● **EXERCISE DIRECTIONS**:
Copy, word for word, the lines below from the one containing "Elegant Straight Cut" up to and including the one containing "TZ2Q895 Arkansas License Plate", with pictures left out.

● **RECORDS FOR PROCESSING**:

<<<<

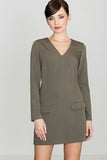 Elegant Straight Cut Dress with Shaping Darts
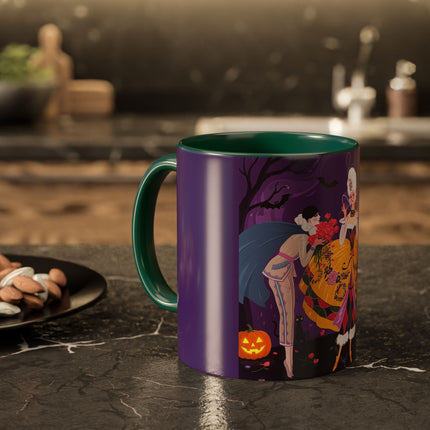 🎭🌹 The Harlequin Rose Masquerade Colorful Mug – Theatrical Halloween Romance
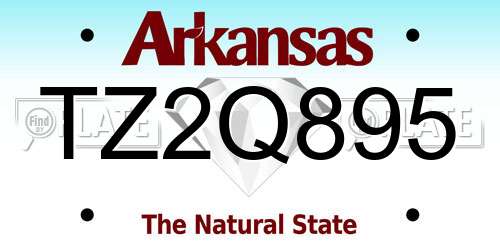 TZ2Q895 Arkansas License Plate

>>>>
<<<<

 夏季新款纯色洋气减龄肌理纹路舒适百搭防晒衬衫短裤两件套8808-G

>>>>

● **WRITTEN REPLY**:
 Elegant Straight Cut Dress with Shaping Darts
 🎭🌹 The Harlequin Rose Masquerade Colorful Mug – Theatrical Halloween Romance
 TZ2Q895 Arkansas License Plate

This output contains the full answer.